As Jim Wallis has said on many occasions, if you take poverty out of the bible it falls apart. The Bible is not neutral on injustice. It is not neutral in relation to those who lead lives of luxury whilst ignoring the plight of the hungry and destitute on their doorstep. It is not neutral on usurious moneylenders, who grind the faces of the poor.
Did Wilberforce seek to put an end to slavery by opening up St Paul’s for debates between slave masters and their opponents, whilst resolutely refusing to be seen to ‘take sides?’ No.
Wilberforce took sides against slavery – and in so doing made himself unpopular not just with slave traders but with the establishment of the day. But in the end, he won through.
Did Archbishop Tutu seek to end apartheid by acting as an impartial adjudicator in jocular debates between apologists for the regime and those who sought change? Of course not.
Tutu was absolutely clear in his belief that apartheid was an evil which must be resisted – in the face of a seemingly all powerful regime. As Jim Wallis recounts:
I’ll never forget my first day at St. George’s Cathedral in Cape Town, South Africa. A political rally had been called and canceled by the government, so Archbishop Tutu said, “Okay, we’re just going to have church then.” And church he had. They gathered together in that Cathedral and the police were massing by the hundreds on the outside and they were there to intimidate, to threaten, to try and frighten all the worshipers. The police were so bold and arrogant they even came into that Cathedral and stood along the walls. They were writing down and tape recording everything that Archbishop Tutu said. But he stood there to preach, and he said, “This system of apartheid cannot endure because it is evil.” Then he pointed his finger at those police standing along the walls of his sanctuary and said, “You are powerful. You are very powerful, but you are not gods and I serve a God who cannot be mocked.” Then he flashed that wonderful Desmond Tutu smile and said, “So, since you’ve already lost, since you’ve already lost, I invite you today to come and join the winning side!” 
Did Archbishop Oscar Romero seek to end the Salvadorian death squads by inviting them to debate ethics with those who they labelled subversive Communists? I doubt it very much.
Not know for his outspokenness before he took up office, in the face of the injustices of his day he felt compelled by his Christian faith to speak out. Romero took sides against the brutal regime of the day. And paid with his life.
In his own words:
“Do you want to know if your Christianity is genuine? Here is the touchstone: Whom do you get along with? Who are those who criticize you? Who are those who do not accept you? Who are those who flatter you?”
“When the church hears the cry of the oppressed it cannot but denounce the social structures that give rise to and perpetuate the misery from which the cry arises.”
“A church that suffers no persecution but enjoys the privileges and support of the things of the earth – beware! – is not the true church of Jesus Christ. A preaching that does not point out sin is not the preaching of the gospel. A preaching that makes sinners feel good, so that they are secured in their sinful state, betrays the gospel’s call.”

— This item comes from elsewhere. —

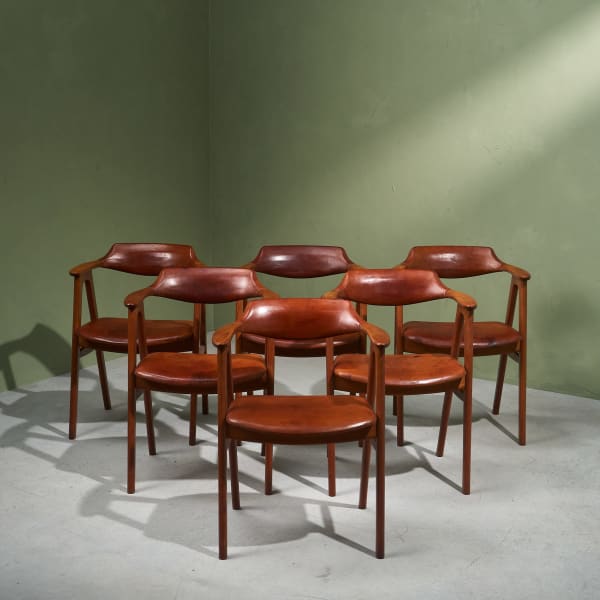 Erik Kirkegaard, Set of 6 Dining Chairs with Armrest in Teak and Original Cognac Leather, Denmark, 1952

The Church in this country today faces none of these threats. There is little risk in taking sides with the poor and the oppressed, beyond the risk of an odd bit of ridicule in the right wing press (unless you are the Canon Chancellor of St Paul’s, that is).
So which side are you on?
Are you going to side with those who are suffering disproportionately from the spending cuts, or with the big corporations who cheat the public purse of at least £35bn in tax avoidance?
Are you going to side with the cleaners and the caretakers, the shopworkers and care assistants struggling to make ends meet on £6.08 an hour, or with the company directors who, in spite of our precipitate economic crisis, awarded themselves 50% pay increases last year?
Are you willing to take the side of the millions in this country (as well as globally), who will struggling with the choice to ‘heat or eat’ this winter, or with the energy companies making millions from rigged energy markets?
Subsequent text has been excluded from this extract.